Il est donc urgent de moderniser. C’est ce que permettra le traité, assure l’Ethiopie (85 millions d’habitants), des hauts plateaux de laquelle proviennent... 80 % des eaux du fleuve, et qui voudrait construire quatre barrages, développer l’irrigation et protéger l’environnement des eaux du Nil.

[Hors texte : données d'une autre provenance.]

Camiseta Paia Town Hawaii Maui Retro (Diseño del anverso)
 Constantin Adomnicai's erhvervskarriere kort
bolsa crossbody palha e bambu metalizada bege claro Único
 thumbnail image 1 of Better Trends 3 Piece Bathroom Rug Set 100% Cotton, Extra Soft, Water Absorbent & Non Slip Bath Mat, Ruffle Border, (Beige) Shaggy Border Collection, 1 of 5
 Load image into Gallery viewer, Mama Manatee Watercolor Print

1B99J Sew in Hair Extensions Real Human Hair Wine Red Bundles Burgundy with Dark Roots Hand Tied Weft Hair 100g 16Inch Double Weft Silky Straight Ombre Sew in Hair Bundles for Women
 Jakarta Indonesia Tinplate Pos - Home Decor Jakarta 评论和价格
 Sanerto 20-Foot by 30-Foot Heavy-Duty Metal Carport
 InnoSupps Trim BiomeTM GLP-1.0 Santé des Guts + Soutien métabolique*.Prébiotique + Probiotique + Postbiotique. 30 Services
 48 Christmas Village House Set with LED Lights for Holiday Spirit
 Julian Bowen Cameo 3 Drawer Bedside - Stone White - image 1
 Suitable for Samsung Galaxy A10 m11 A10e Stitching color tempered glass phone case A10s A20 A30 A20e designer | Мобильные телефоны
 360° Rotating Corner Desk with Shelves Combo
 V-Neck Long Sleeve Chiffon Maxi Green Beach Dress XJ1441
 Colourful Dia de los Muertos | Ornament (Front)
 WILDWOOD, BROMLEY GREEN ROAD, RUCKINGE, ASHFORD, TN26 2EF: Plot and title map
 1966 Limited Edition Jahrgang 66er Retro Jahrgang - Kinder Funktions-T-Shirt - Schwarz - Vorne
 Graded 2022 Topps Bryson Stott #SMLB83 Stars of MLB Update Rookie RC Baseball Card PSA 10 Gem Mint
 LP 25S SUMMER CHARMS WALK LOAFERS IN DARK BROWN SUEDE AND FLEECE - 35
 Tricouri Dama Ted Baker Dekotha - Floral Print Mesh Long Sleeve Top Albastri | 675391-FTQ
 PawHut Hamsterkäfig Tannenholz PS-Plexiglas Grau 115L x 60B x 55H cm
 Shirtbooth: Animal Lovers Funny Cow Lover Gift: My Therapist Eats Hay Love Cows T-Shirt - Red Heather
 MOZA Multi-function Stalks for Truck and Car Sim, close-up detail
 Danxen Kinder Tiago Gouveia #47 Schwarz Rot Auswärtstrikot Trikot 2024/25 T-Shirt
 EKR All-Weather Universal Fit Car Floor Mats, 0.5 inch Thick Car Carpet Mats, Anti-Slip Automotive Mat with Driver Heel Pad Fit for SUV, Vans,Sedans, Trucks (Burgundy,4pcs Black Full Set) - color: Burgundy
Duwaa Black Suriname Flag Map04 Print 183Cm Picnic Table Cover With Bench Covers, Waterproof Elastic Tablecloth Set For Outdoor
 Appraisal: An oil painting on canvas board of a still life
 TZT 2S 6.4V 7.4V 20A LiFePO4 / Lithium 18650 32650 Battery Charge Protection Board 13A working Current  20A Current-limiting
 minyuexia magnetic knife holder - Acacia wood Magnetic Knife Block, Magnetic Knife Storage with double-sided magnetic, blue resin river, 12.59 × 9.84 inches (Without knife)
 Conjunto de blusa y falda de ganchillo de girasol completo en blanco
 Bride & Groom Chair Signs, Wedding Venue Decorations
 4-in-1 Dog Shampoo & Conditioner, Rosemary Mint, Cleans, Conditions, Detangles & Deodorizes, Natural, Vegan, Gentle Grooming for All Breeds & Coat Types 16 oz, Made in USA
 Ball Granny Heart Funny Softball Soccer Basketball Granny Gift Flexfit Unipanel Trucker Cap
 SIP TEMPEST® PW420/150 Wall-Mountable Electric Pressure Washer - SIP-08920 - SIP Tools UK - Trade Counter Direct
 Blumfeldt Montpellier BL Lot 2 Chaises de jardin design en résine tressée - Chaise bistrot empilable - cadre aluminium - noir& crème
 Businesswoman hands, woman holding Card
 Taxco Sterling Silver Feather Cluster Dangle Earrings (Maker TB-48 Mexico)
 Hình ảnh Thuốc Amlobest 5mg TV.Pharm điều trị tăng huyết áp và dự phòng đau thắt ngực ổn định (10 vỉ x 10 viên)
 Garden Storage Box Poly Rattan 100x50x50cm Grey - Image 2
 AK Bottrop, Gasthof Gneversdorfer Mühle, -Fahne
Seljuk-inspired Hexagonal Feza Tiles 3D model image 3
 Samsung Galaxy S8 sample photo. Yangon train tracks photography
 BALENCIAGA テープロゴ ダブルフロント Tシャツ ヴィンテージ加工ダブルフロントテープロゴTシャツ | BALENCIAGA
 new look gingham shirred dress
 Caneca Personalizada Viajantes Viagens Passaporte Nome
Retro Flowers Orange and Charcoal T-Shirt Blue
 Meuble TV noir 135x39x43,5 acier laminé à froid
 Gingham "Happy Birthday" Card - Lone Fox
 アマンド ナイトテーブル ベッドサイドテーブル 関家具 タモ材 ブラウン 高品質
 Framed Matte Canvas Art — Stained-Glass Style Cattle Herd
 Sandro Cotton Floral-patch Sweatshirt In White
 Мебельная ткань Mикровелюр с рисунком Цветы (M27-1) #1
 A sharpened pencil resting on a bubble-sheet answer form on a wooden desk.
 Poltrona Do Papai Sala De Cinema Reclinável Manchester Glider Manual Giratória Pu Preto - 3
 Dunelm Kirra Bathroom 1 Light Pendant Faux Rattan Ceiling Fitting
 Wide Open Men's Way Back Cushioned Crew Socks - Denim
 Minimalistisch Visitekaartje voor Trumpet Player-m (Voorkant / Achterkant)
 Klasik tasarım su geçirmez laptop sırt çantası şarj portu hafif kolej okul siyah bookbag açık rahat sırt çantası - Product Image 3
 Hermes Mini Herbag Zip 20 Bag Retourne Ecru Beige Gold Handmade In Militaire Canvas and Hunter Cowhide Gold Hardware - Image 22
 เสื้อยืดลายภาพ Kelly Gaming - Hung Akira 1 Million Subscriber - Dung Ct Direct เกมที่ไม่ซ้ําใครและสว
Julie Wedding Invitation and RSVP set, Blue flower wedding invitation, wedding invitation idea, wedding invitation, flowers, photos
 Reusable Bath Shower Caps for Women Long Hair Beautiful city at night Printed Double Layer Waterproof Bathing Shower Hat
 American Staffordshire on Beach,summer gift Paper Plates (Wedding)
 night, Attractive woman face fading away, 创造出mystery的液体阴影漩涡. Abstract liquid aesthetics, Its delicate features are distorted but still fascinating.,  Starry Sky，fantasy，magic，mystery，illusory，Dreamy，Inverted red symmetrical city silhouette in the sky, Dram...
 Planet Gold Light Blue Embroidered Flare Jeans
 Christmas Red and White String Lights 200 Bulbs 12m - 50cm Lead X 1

Une fois l’Accord-cadre ratifié par les parlements, la Commission du bassin du Nil, émanation du regroupement des pays riverains, gèrera le fleuve, "notamment l’utilisation équitable et raisonnable des eaux et les efforts de collaboration entre pays riverains, dont les mesures de protection de l’environnement", a expliqué à "La Libre Belgique" le négociateur éthiopien au sein de l’Initiative pour le bassin du Nil, l’ambassadeur Minelik Alemu Getahun. Et d’ajouter : "L’Accord-cadre est un instrument d’inclusion et de collaboration. Il repose seulement sur des normes acceptées d’utilisation partagée et de protection de ressources communes, équitablement, pour le bénéfice des générations présentes et futures. L’équité est le centre et l’élément qui caractérise ce traité."